Directions
How do the lines read from the one holding "anatomically depicted sphincter" through the last line of the listing? Set them down exactly, pictures omitted.

Data section
* * * * * * *

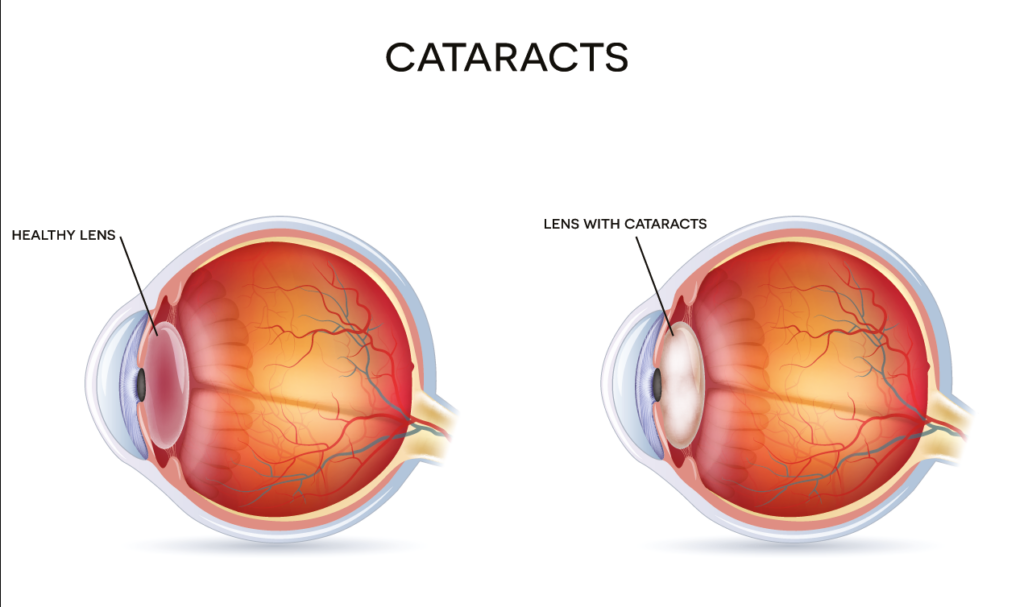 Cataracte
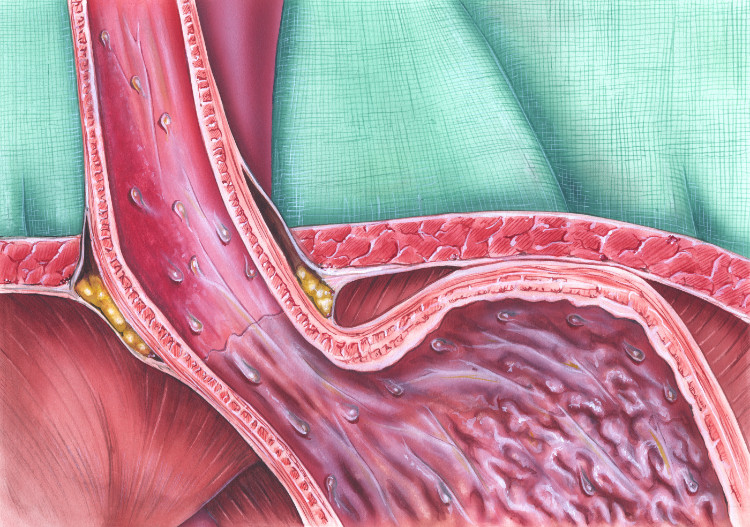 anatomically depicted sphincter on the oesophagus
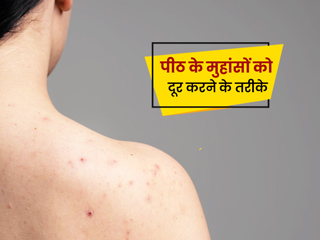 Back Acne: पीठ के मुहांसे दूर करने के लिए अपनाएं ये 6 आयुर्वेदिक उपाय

* * * * * * *

Exercise solution
 anatomically depicted sphincter on the oesophagus
 Back Acne: पीठ के मुहांसे दूर करने के लिए अपनाएं ये 6 आयुर्वेदिक उपाय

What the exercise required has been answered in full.